Of course, all interhuman relationships exist within the context of a larger containing social relationship. It might be the case that a relationship is best understood in interhuman terms when the situation at hand be addressed through dialogue, but when the situation cannot be satisfactorily addressed the relationship takes on a social character.
This way of thinking might also be applied fruitfully to the individual versus the interhuman. One involves the other party in an interhuman relationship if when one cannot come to terms alone with a situation involving both.
I suspect I’m rethinking established sociological thoughts.
Speaking of sociology, I got a copy of the Sociology of Philosophies: A Global Theory of Intellectual Change by Randall Collins. I keep looking at it on my shelf, feeling a mixture of kinship, loathing and excitement.
Revaluating the work ethic
I’ve written quite a bit on what I view as the twins roots of moral inadequacy, hubris (closedness to being beyond the self, and akrasia (lacking any enduring continuity of self, often translated “moral incontinence”).

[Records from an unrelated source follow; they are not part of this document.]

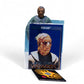 1996 Playmates Star Trek Voyager VIDIIAN Series 2 Action Figure Action Figure Picture 1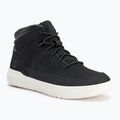 Ανδρικά παπούτσια Timberland Seneca Bay Hiker black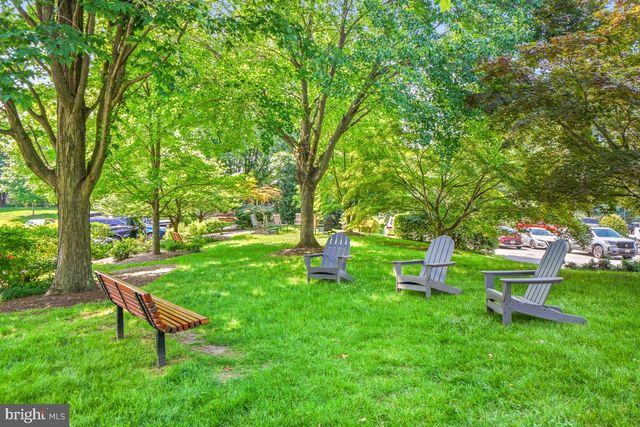 5904 MOUNT EAGLE DR #108B, Alexandria, VA 22303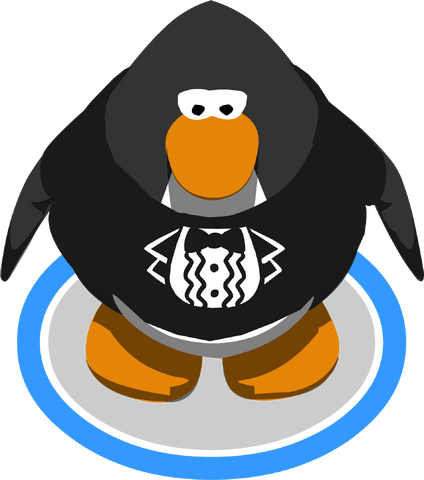 File:Classytshirtingame.png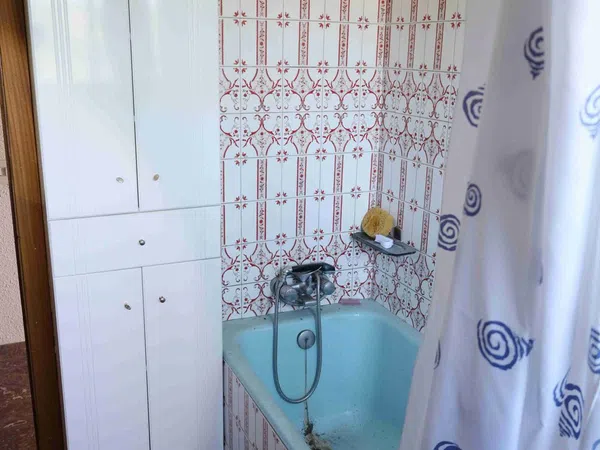 Casa o chalet independiente en Calle Arrabal del Puente, 6 b - Foto 12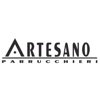 Artesano Parrucchieri Milano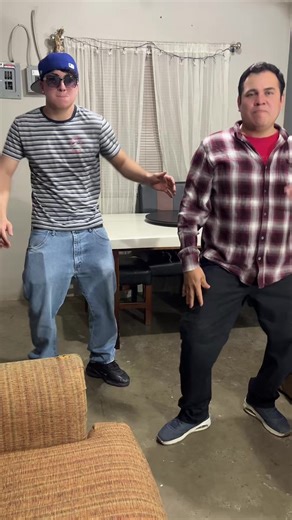 #bailecito #macarena | macarena dance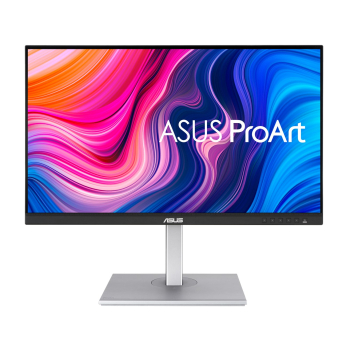 MONITOR ASUS 27" PA278CV ProArt-1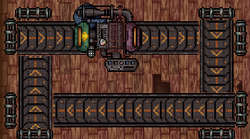 Disk-launcher-factory.png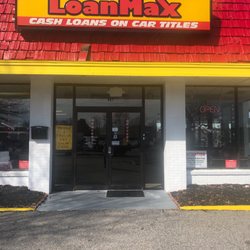 Loan Max Le Loans 447 Denh Blvd Newport News Va Phone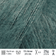 Drops Design Kid Silk Uni Colour North Sea 210m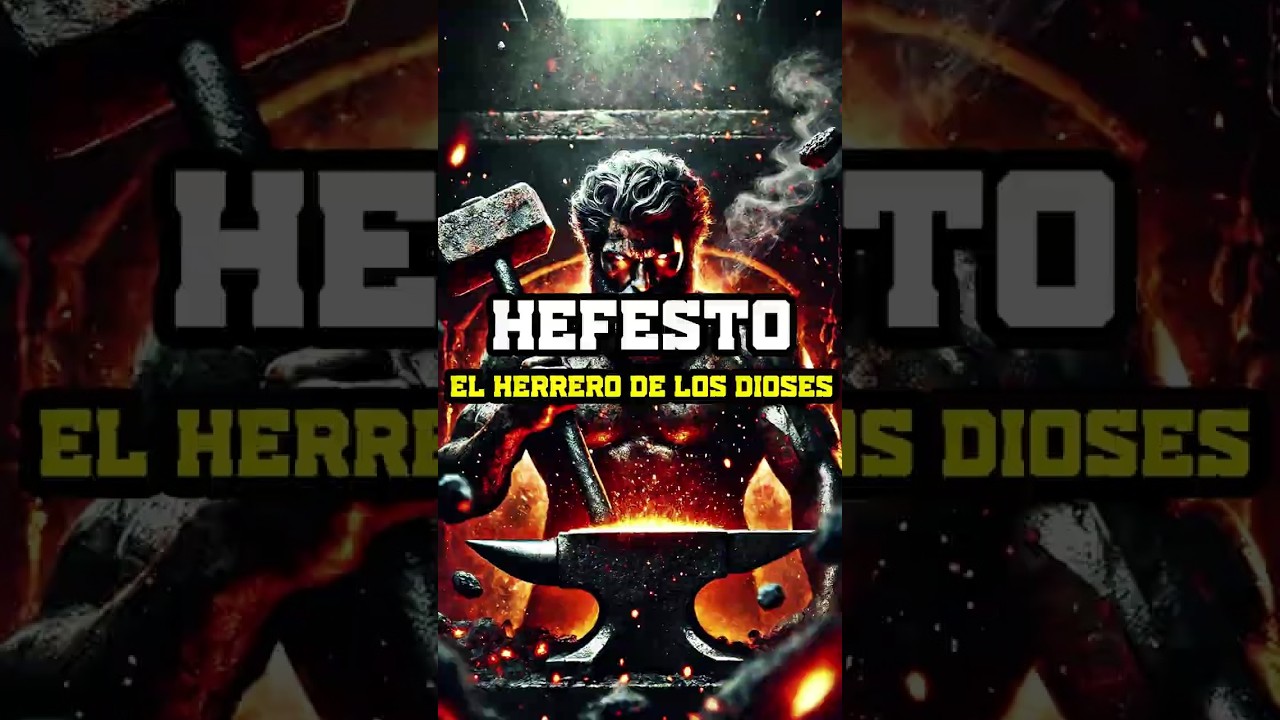 dios griego alas en los pies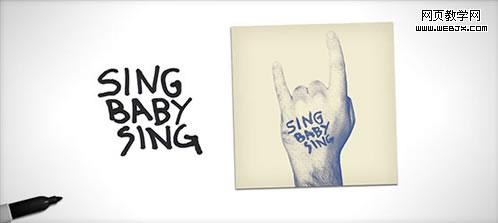 Ư���ĵ�ҳ����վ���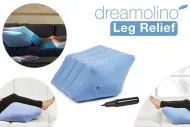 Dreamolino Leg Relief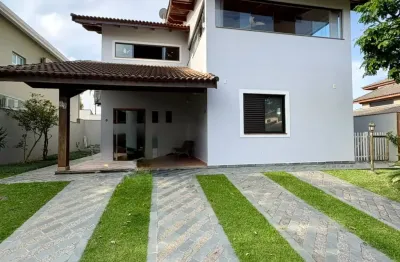 Casa em condomínio fechado com 3 quartos à venda na Av. Padre Anchieta, 6840, Jardim Peruíbe, Peruíbe
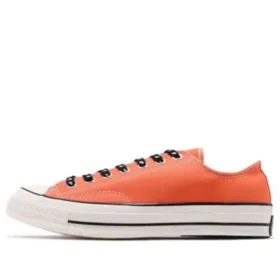 Chuck 70 Ox „Psy Kichs Pack – Orange“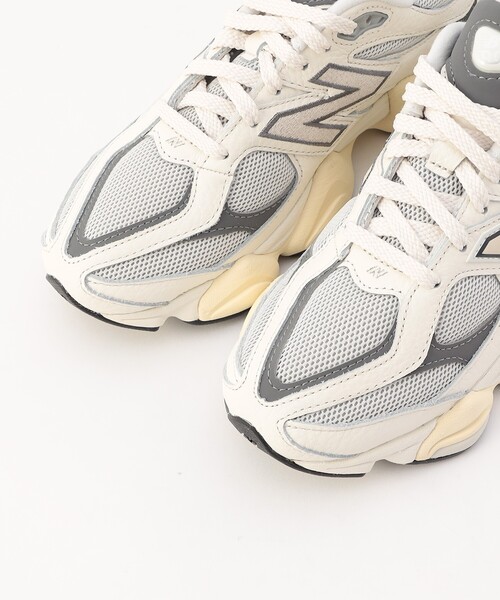 【新品】ニューバランス U9060AGA 23.5㎝ NEW BALANCE New Balance スニーカー 「New Balance」 U9060AGA/スニーカー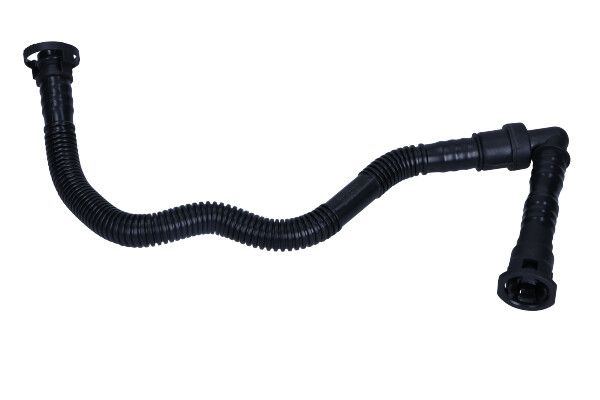 PRZEWÓD ODMY BMW 3 E46 1,8/2,0 00-07 MaXgear 18-0617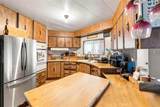 643 Mariposa - Photo 25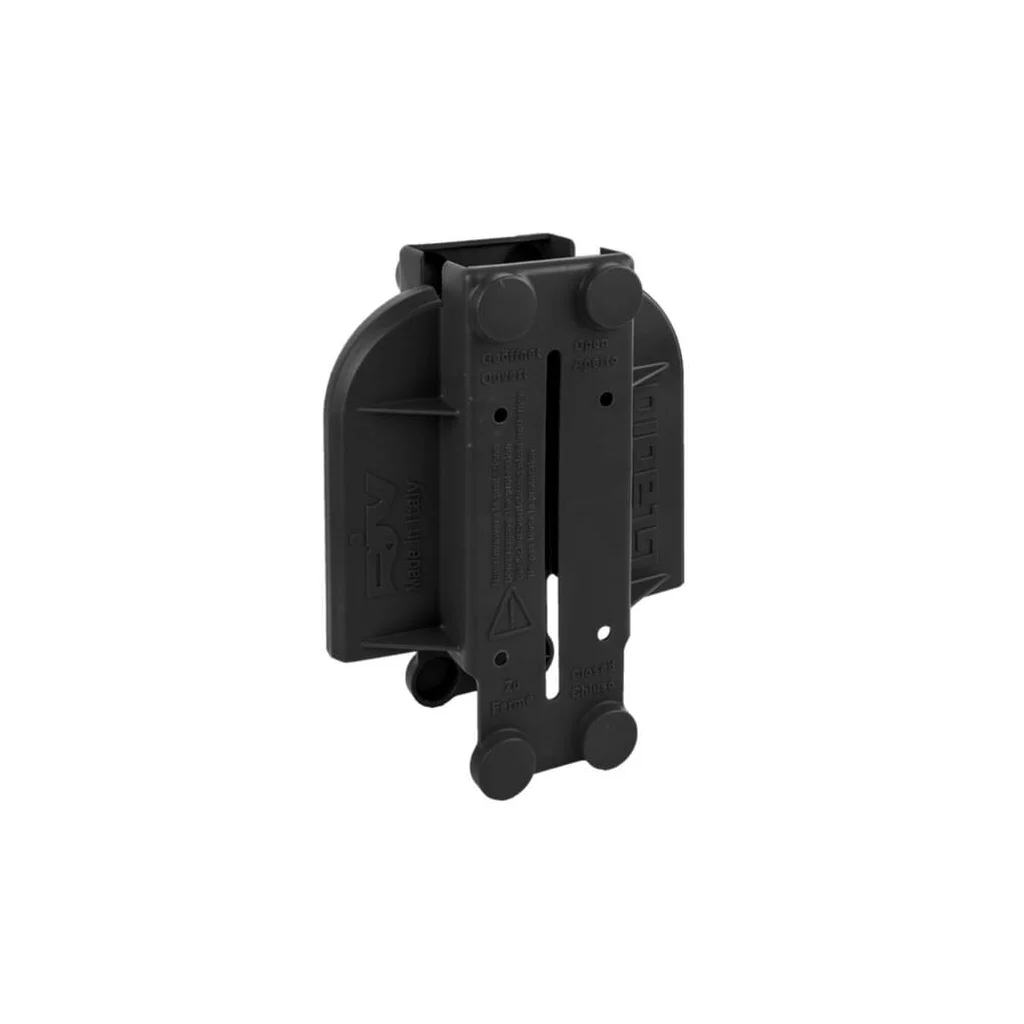 Capac supapă cu poartă PP 8' RIV9846200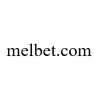 melbet.com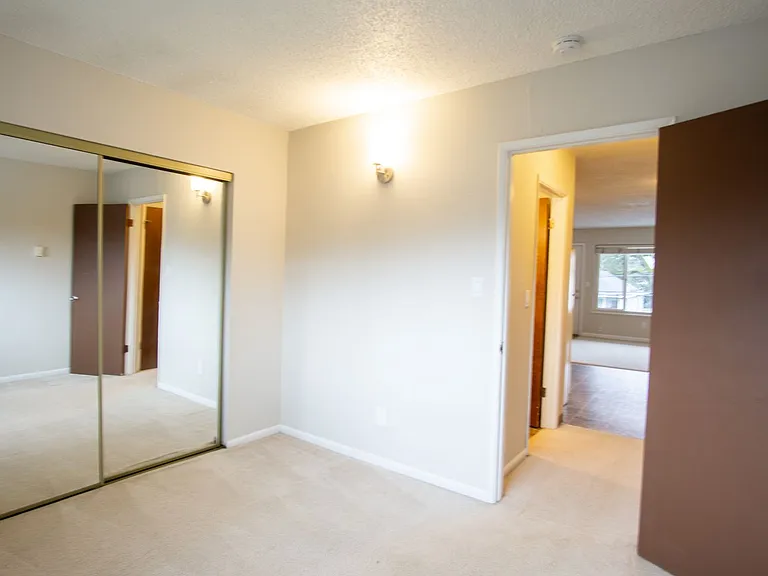 4030 SE Holgate Blvd #G — Photo 11
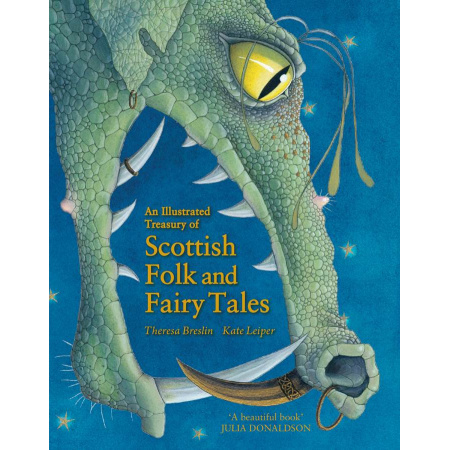 an-illustrated-treasury-of-scottish-folk-and-fairy-tales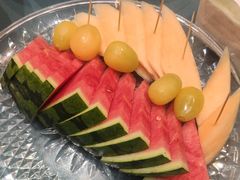 -宁邦·家宴·南京菜(红山动物园店)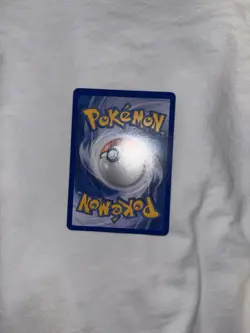 Pokemon Latias Dragon Vault Holo Rare Card 9/20 NM Condition - Image 2
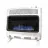 Mr. Heater MHVFDF30BFT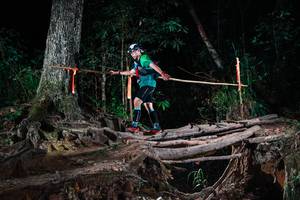 BIB: 
                            <button type="button" onclick="openModal(27376714)" class="btn btn-primary btn-sm float-right btn-popup" data-toggle="modal" data-target=".modal-high-quality">
                        <i class="fas fa-shopping-cart"></i> Add to Cart
                    </button>
                                            <button type="button" onclick="isThisMe(27376714, true)" class="btn btn-success btn-sm float-right btn-popup btn-isme hidden" data-toggle="tooltip" data-placement="bottom" title="นี่คือรูปของคุณใช่ไหม คลิกที่นี่เพื่อเอาเข้าอัลบั้ม">
                        <i class="fas fa-plus"></i> Add to album
                    </button>
                    <button type="button" onclick="isThisMe(27376714, false)" class="btn btn-warning btn-sm float-right btn-popup btn-isnotme hidden">
                        <i class="fas fa-ban"></i> Remove from album
                    </button>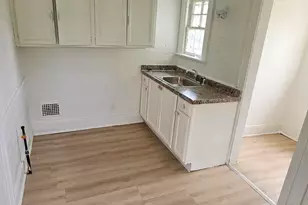 345 W Nevada St, Highland Park, MI 48203 - Photo 23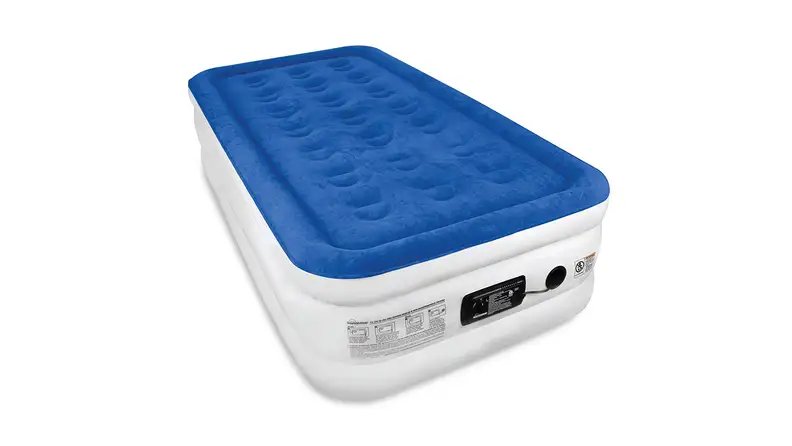 best products for guests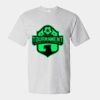 Essential-T T-Shirt Thumbnail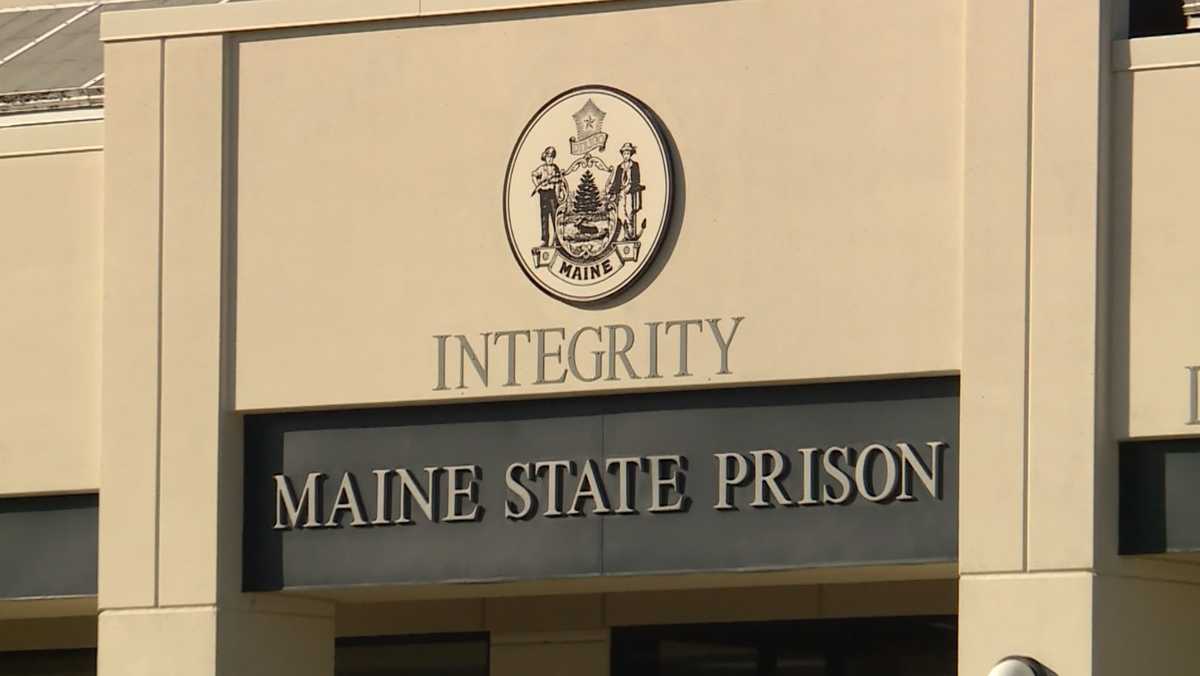 Maine to pay nearly 0k to settle harassment lawsuit Maine to pay nearly 0k to settle harassment lawsuit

I’ve also written about the fact that the being of an individual and the being of a collectivity are not as dissimilar as we think. The dynamic that allows an individual achieve spiritual integrity is the same as that which helps a group accomplish the same thing. We are whole as individuals — that is, we have a stable soul — by virtue of inner dialogue. Without dialogue we’re a tangle of conflicting spiritual impulses, writhing, biting and crushing one another in the effort to dominate the entire self.
Dialogue is the practice of teaching and learning that allows the various impulses/instincts/spirits within us to communicate, harmonize and work together toward an order universally experienced as good.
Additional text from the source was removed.